The Central Bank of Iceland raises its policy interest rate by 0.25 percentage points
The Board of Governors of the Central Bank of Iceland has decided to raise the Bank’s policy interest rate by 0.25 percentage points, to 10.75%. This is the twelfth policy rate rise since May 2004 and follows hikes amounting to 0.75 percentage points at the end of September and 0.25 percentage points at the beginning of December 2005. In the Introduction to Monetary Bulletin 2005/4, which was published on December 2, it was reported that the hike in September delivered an equivalent change in real terms. As a result, the impact of policy rate rises was finally being transmitted to indexed bond yields. To claim victory in the battle against inflation, however, would be premature. According to the forecast published in Monetary Bulletin in December, inflation will remain some way above the target over the next two years. That forecast was based on an unchanged policy interest rate since before the December hike and a stable exchange rate. A scenario based on a variable exchange rate indicated that a policy rate in line with the average path forecast by financial market analysts might prove inadequate for attaining the target. The long-term outlook for inflationary pressures was also considered negative.
The Central Bank of Iceland has reviewed the inflation outlook in light of unfolding economic developments over the past two months and still considers it unacceptable. In December and January, inflation measured slightly higher than had been forecast in December. For most of this period the króna has also been marginally weaker than forecast. National accounts for Q3/2005 and indicators for the final quarter of the year show that demand growth is still too rapid to be compatible with macroeconomic balance. Pressures in the housing market have also been easing more slowly than hoped. Although the policy rate rises are beginning to impact long-term bond yields, they are still not reflected sufficiently in mortgage interest rates. Growth of credit institution lending – both mortgage lending and other loans – continues to surge. Labour market developments in recent months are also a mounting cause for concern. Clear indications of growing wage drift have emerged over the past three months, as is typically the case when the unemployment rate is as low as at present. Wage costs look set to rise by considerably more next year than is compatible with the inflation target, unless productivity increases much faster than forecast, which must be considered unlikely.

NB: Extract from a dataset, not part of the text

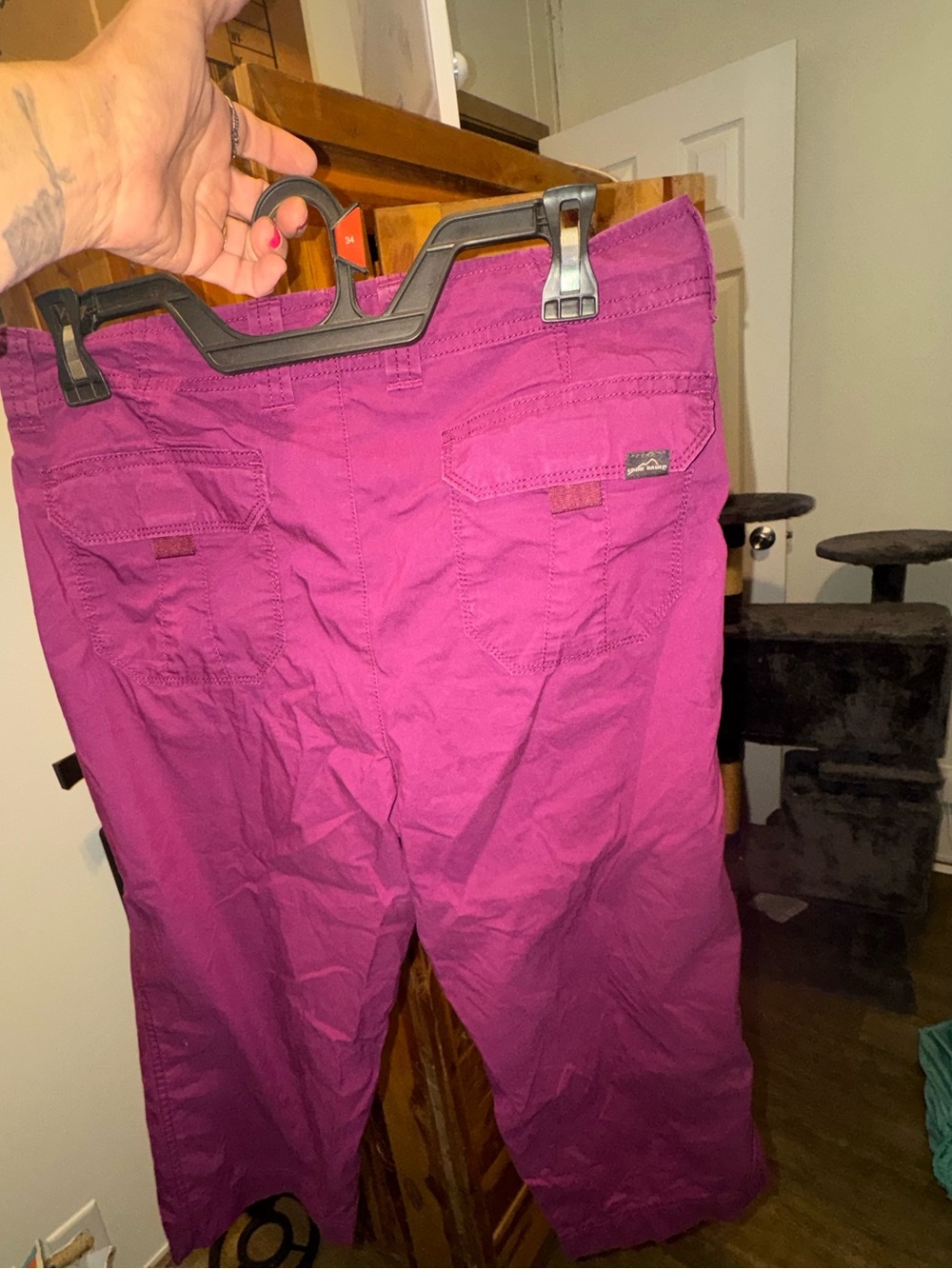 Women’s Casual Cargo Pants in Magenta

The highest real exchange rate since the 1980s and a record current account deficit indicate sizeable inflationary pressures ahead, even beyond the Central Bank’s forecast horizon. Monetary policy must make a timely response to these conditions, to avoid even tougher measures later. Given the current outlook, the Central Bank may therefore need to raise its policy interest rate further this year.
Other things being equal, the next interest rate decision by the Board of Governors of the Central Bank of Iceland will be announced on Thursday, March 30, coinciding with publication of the next Monetary Bulletin.